Caine shook his head. “Trevor, leaving ethics aside for a moment, let’s recall our intel and survival objective: that the alien communicates with us. Sure, if you use pain, you might make him talk. Or, on the other hand, because the alien’s psychology and physiology cause it to have radically different reactions, it might clam up for good. Then instead of having the possibility of getting answers, we find ourselves facing the certainty of death.” Caine stared straight into Trevor’s eyes. “Besides, we might owe him.”
“We owe him? What and why in hell do we owe him anything?”
Caine maintained his unblinking stare. “How did his ship get nailed?”
“Hazawa’s PDF laser. Damn good shooting.”
“No argument. But why did this particular exosapient even come into range of that weapon? Why did Hazawa even have a chance to shoot at him?”
“He–” Oh Christ. “All right, we were running a diplomatic beacon: a white flag. It was wrong, but it was also a mistake. On the other hand, these bastards have invaded our territory and, judging from yesterday’s results, killed a shitload of our brothers and sisters in arms. That wasn’t a mistake. It was coldblooded murder. This little shit is a soldier. He’s earned whatever he gets.”

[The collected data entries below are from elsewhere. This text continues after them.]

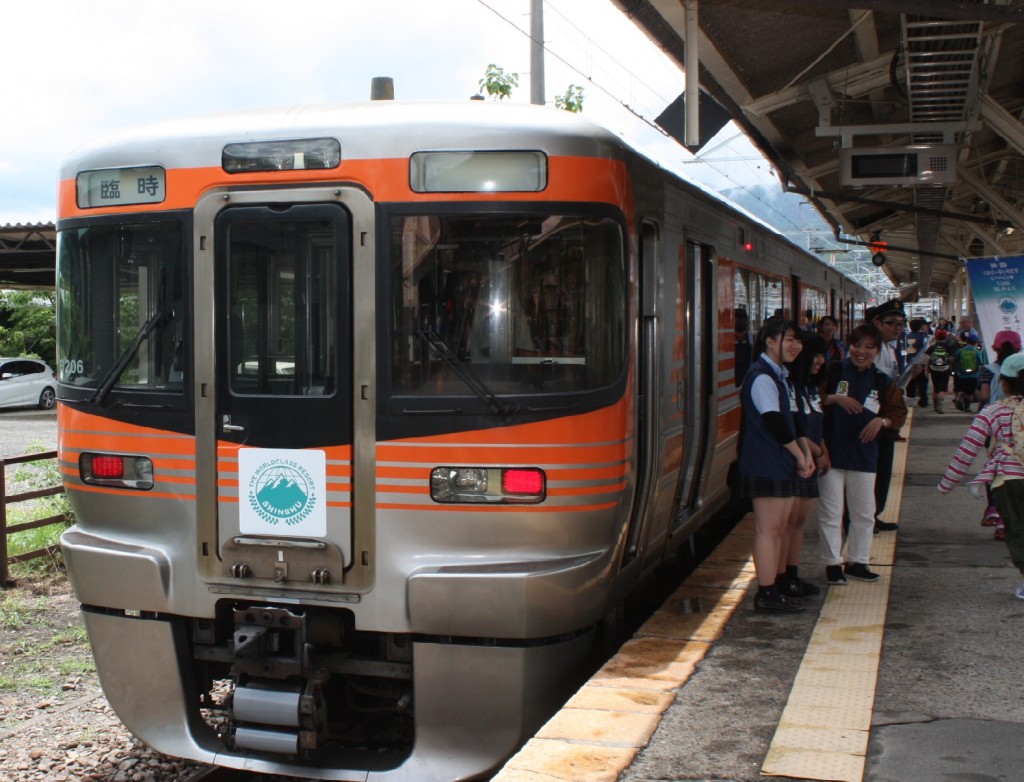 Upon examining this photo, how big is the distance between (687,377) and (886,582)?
175 centimetres

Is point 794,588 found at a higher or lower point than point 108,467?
lower

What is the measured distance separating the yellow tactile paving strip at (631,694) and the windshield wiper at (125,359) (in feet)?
7.74

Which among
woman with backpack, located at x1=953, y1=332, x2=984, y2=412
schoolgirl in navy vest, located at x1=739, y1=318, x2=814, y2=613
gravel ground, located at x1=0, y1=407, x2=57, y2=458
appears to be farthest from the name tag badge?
woman with backpack, located at x1=953, y1=332, x2=984, y2=412

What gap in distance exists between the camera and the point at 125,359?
16.7ft

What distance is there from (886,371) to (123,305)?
5.61m

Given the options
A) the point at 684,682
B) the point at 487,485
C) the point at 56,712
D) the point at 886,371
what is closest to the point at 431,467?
the point at 487,485

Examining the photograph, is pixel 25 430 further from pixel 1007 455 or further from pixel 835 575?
pixel 1007 455

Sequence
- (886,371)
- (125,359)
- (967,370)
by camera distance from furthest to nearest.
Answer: (967,370), (886,371), (125,359)

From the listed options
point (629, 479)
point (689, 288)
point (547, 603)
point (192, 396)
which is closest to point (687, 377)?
point (689, 288)

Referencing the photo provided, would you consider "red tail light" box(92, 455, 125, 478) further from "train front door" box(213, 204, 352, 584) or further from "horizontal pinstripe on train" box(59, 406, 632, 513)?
"train front door" box(213, 204, 352, 584)

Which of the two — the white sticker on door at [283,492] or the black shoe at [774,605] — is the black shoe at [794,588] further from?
the white sticker on door at [283,492]

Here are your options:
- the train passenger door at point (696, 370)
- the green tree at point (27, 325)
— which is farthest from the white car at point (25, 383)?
the train passenger door at point (696, 370)

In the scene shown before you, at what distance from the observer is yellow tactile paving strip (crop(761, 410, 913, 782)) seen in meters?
3.97

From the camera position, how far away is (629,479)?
510cm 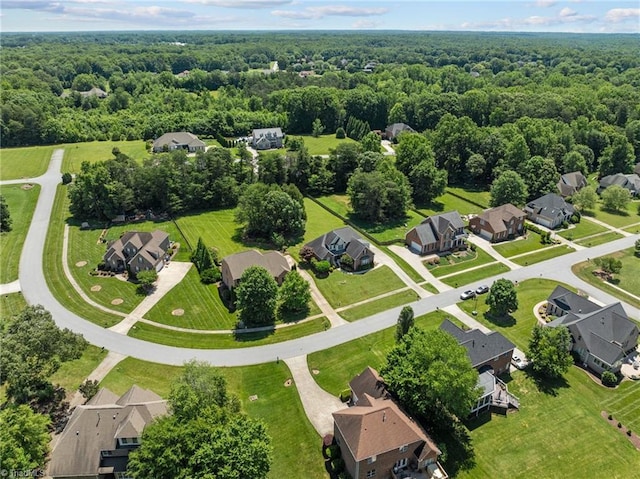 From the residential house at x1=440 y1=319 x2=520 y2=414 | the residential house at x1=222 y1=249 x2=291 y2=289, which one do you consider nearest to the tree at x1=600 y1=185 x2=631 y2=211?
the residential house at x1=440 y1=319 x2=520 y2=414

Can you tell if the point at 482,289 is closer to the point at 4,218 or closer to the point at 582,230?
the point at 582,230

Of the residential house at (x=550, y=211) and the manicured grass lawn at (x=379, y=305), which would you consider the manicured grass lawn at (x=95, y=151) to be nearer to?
the manicured grass lawn at (x=379, y=305)

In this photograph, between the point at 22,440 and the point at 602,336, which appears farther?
the point at 602,336

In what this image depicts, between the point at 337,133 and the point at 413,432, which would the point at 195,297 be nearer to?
the point at 413,432

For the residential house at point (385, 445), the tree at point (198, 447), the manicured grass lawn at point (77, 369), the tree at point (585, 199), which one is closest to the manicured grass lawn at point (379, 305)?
the residential house at point (385, 445)

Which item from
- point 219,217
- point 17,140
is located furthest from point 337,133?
point 17,140

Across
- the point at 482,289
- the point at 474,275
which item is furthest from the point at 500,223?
the point at 482,289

“How do you know he’s a soldier?”
“What if this Arat Kur is not a soldier? Remember what you said about his craft: not much like a military design. Maybe that’s because it isn’t part of their military. In which case, maybe he isn’t, either. In that case, we’d be torturing an Arat Kur civilian, possibly to death, whom we ambushed while showing a white flag.”
Trevor closed his eyes. The ethical issues had become even more murky than his vision and more uncertain than his balance. “Okay, then what do you suggest we do?”
“We suit up to go below and meet our prisoner.”
* * *
Trevor saw Caine’s feet disappear into the access way leading to their module’s lower deck. Ironically, Riordan was now better moving in zero-gee than Trevor, who bumped awkwardly along after him, left arm dragging and his legs twitching at inopportune moments. Trevor swam through a gauntlet of orange emergency lights to catch up with Caine at the Arat Kur’s prison cell and produced the handgun. Caine nodded, overrode the lock on the door, and pushed himself forward–into darkness.
“Damn it. I meant to turn the lights on in here.” Caine’s helmet lights winked on, played quickly about the room.